• What the exercise asks:
Keep the pictures out of the copy and print all the entries below exactly.

· · · ·

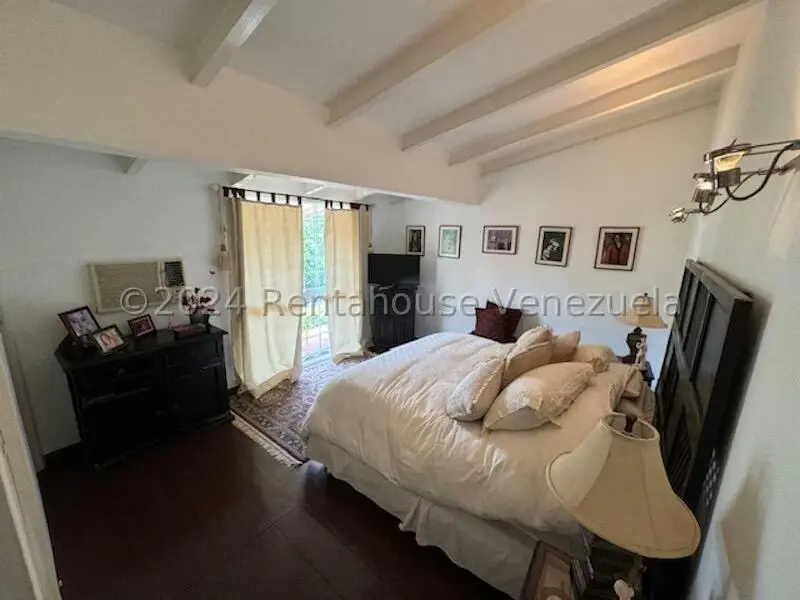 Casa (Duplex) en Venta en Prados del Este, Distrito Metropolitano - 41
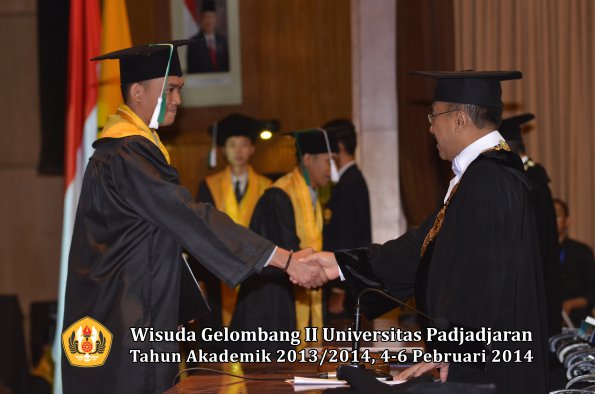 wisuda-unpad-gel-ii-ta-2013_2014-fakultas-pertanian-oleh-rektor-077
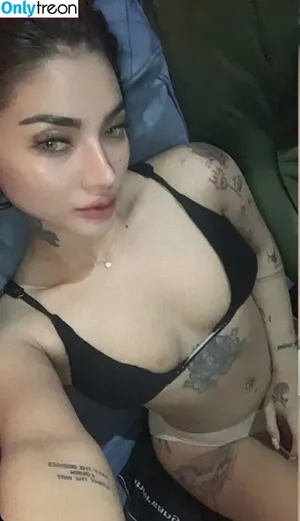 Gladys Alganesy / gladys.alganesy nude photo #0006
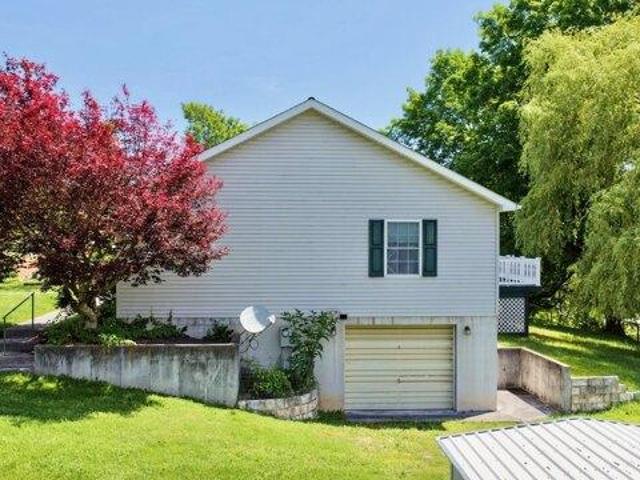 House for sale in Ronceverte, West Virginia
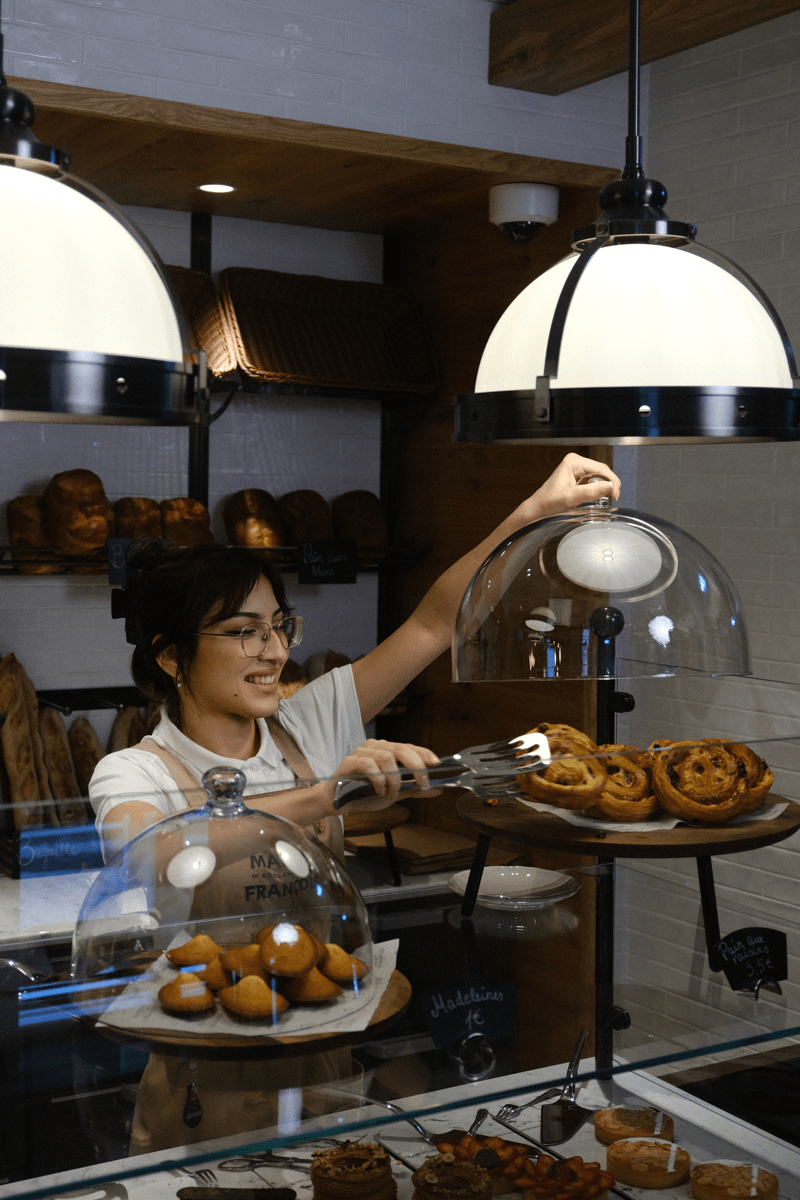 Bakery Waiter/Waitress (Seasonal)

· · · ·

• Output of the task:
 Casa (Duplex) en Venta en Prados del Este, Distrito Metropolitano - 41
 wisuda-unpad-gel-ii-ta-2013_2014-fakultas-pertanian-oleh-rektor-077
 Gladys Alganesy / gladys.alganesy nude photo #0006
 House for sale in Ronceverte, West Virginia
 Bakery Waiter/Waitress (Seasonal)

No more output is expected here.